Record set:
= Beginning of Section =

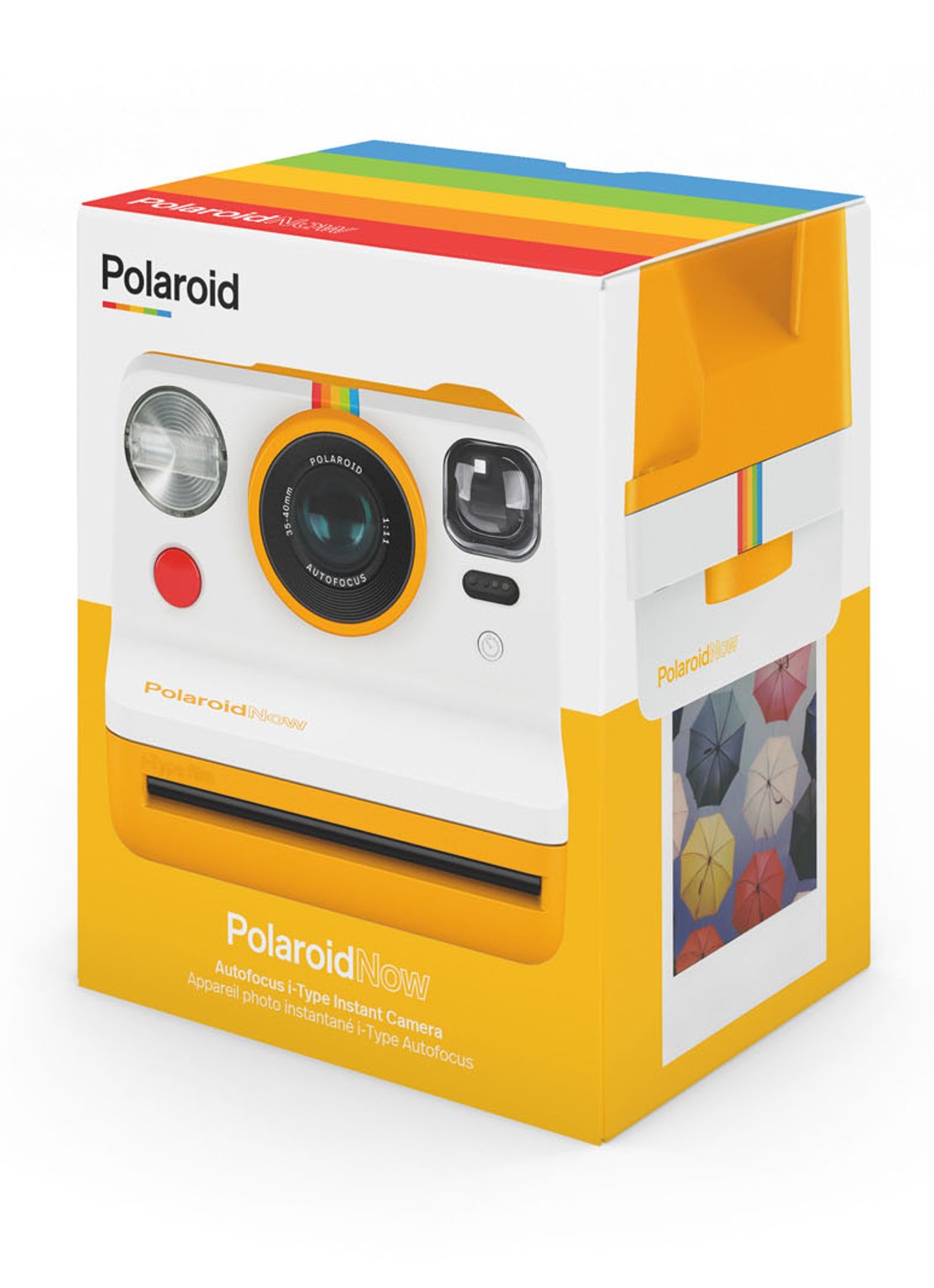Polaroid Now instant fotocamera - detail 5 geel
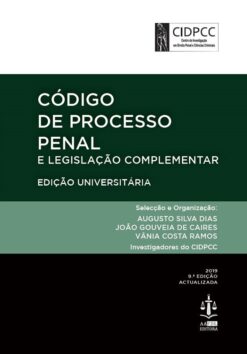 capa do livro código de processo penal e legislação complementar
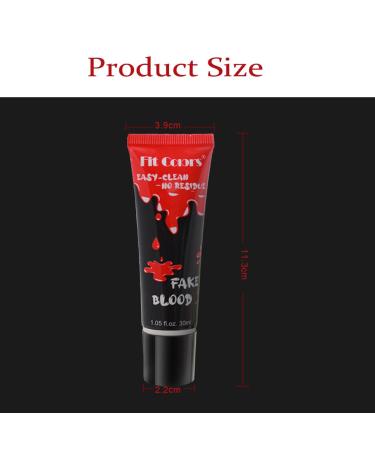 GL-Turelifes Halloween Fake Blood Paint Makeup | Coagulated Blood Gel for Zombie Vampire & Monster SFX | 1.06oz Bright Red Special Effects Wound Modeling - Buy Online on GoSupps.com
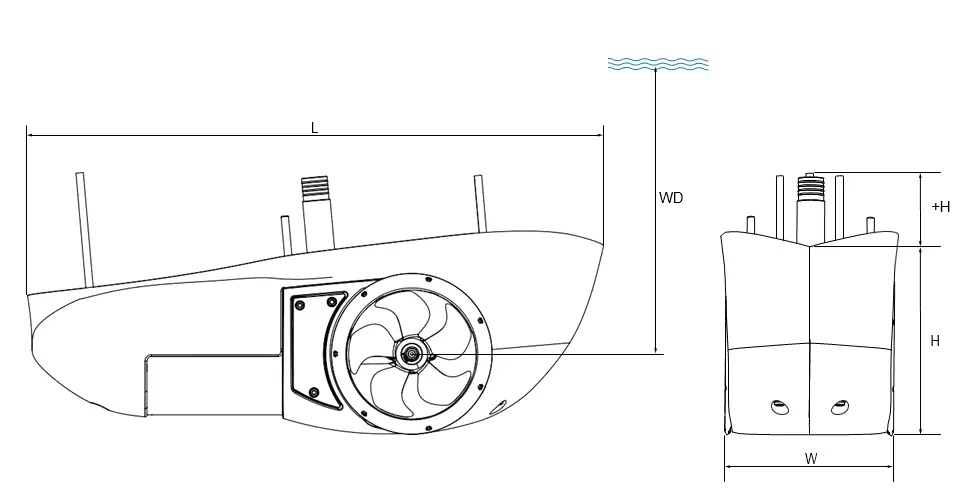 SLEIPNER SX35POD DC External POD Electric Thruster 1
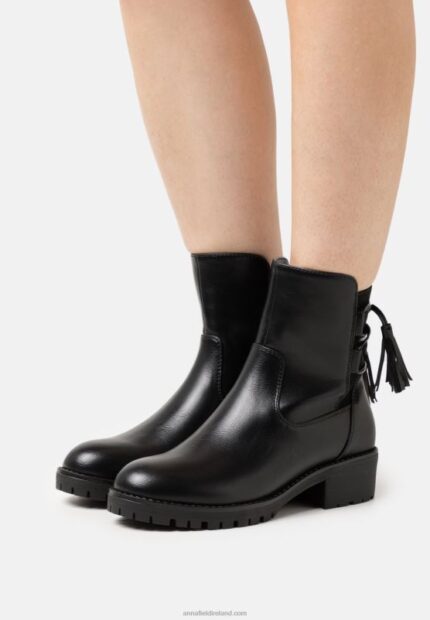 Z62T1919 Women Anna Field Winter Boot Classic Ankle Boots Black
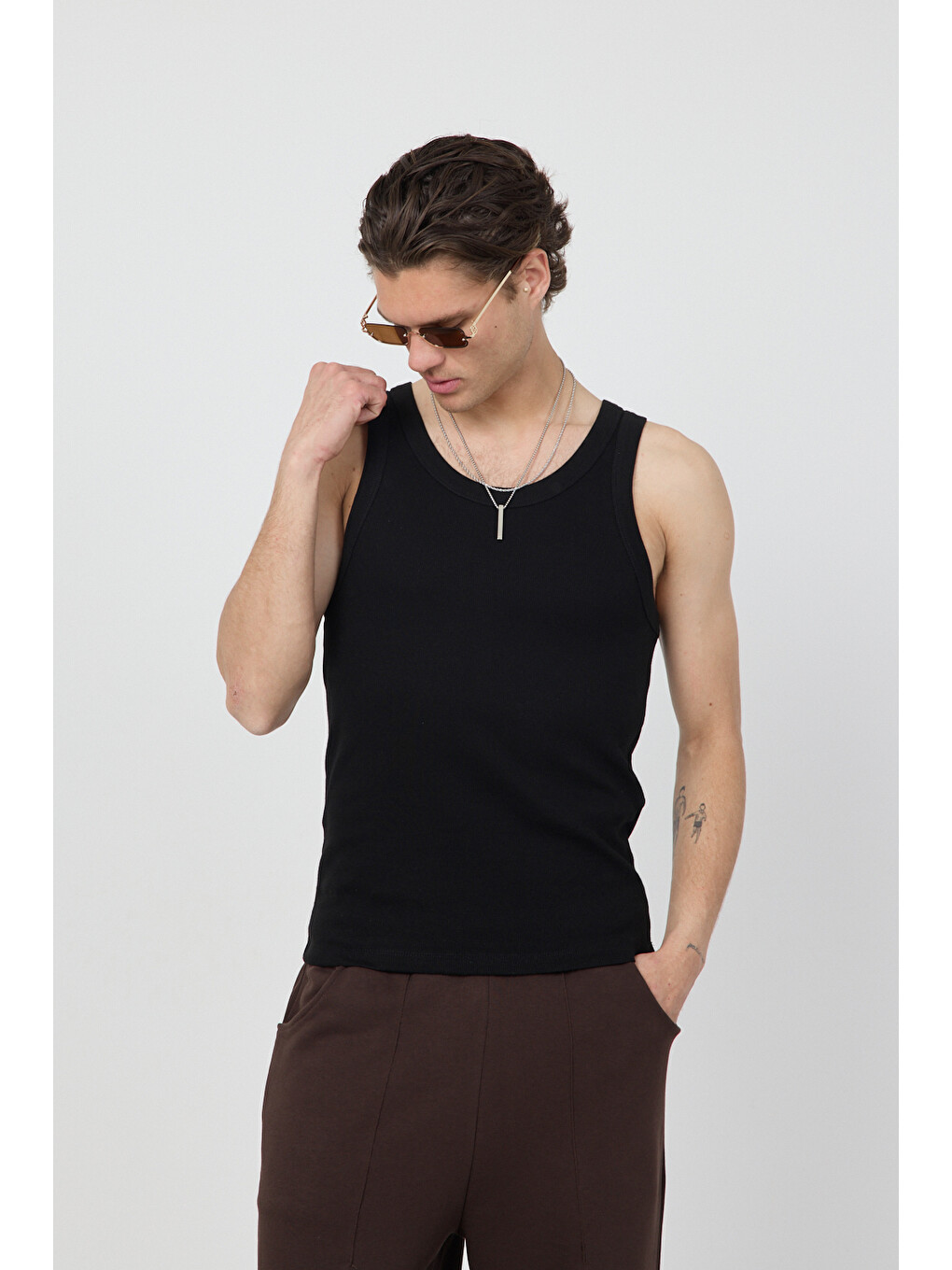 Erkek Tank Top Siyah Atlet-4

= End of Section =
= Beginning of Section =

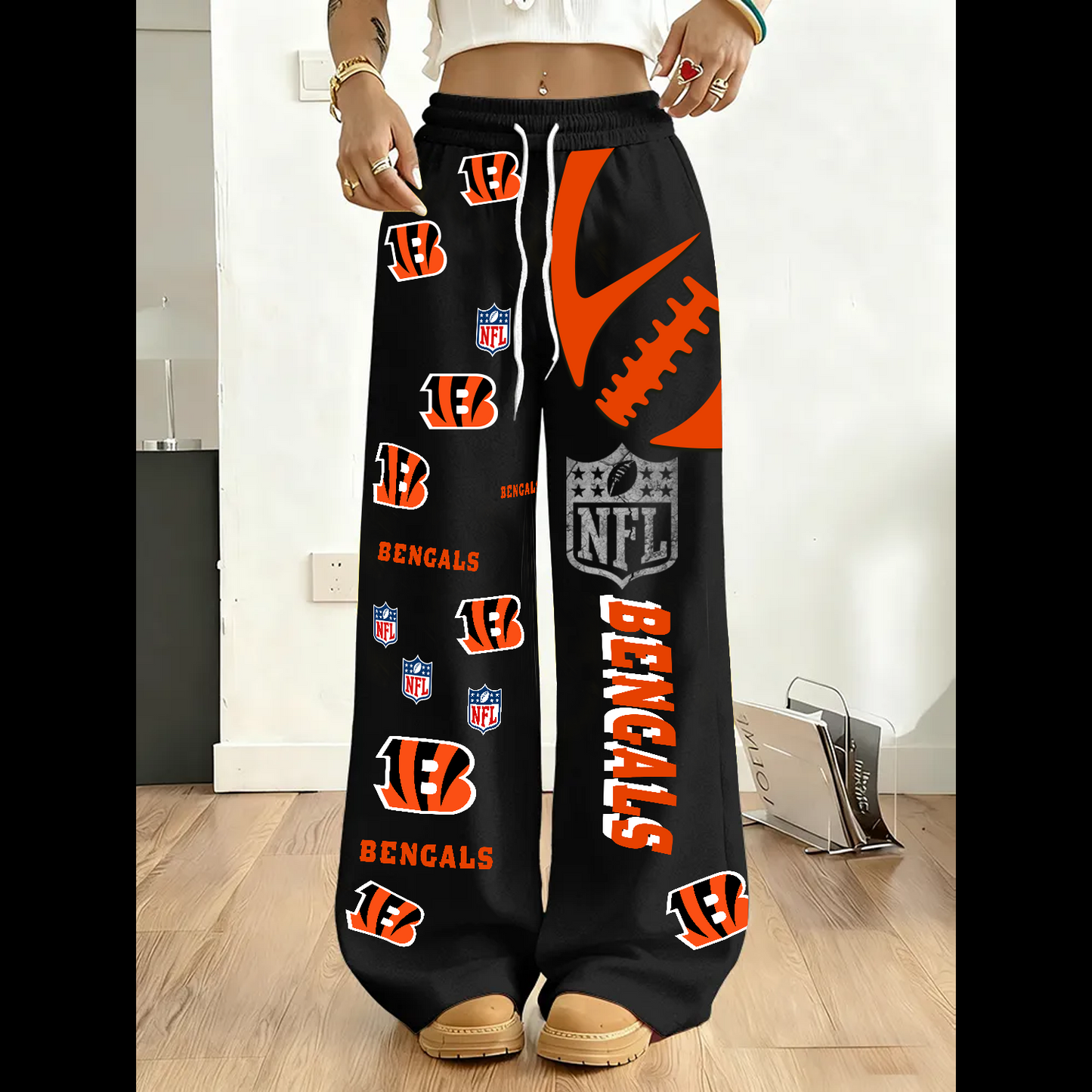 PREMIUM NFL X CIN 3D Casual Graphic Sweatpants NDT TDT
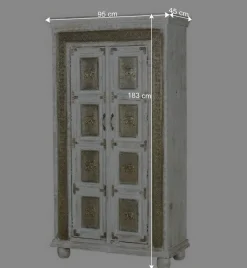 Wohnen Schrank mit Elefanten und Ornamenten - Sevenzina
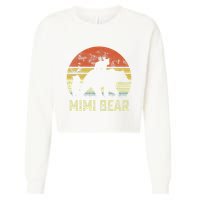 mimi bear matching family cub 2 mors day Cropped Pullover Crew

= End of Section =

What the task asks: Reproduce exactly the lines of the data above that run from the line with "capa do livro" down to the line with "Erkek Tank Top Siyah Atlet-4", both ends included. Pictures do not belong in the copy.

Exercise answer:
 capa do livro código de processo penal e legislação complementar
 GL-Turelifes Halloween Fake Blood Paint Makeup | Coagulated Blood Gel for Zombie Vampire & Monster SFX | 1.06oz Bright Red Special Effects Wound Modeling - Buy Online on GoSupps.com
 SLEIPNER SX35POD DC External POD Electric Thruster 1
 Z62T1919 Women Anna Field Winter Boot Classic Ankle Boots Black
 Erkek Tank Top Siyah Atlet-4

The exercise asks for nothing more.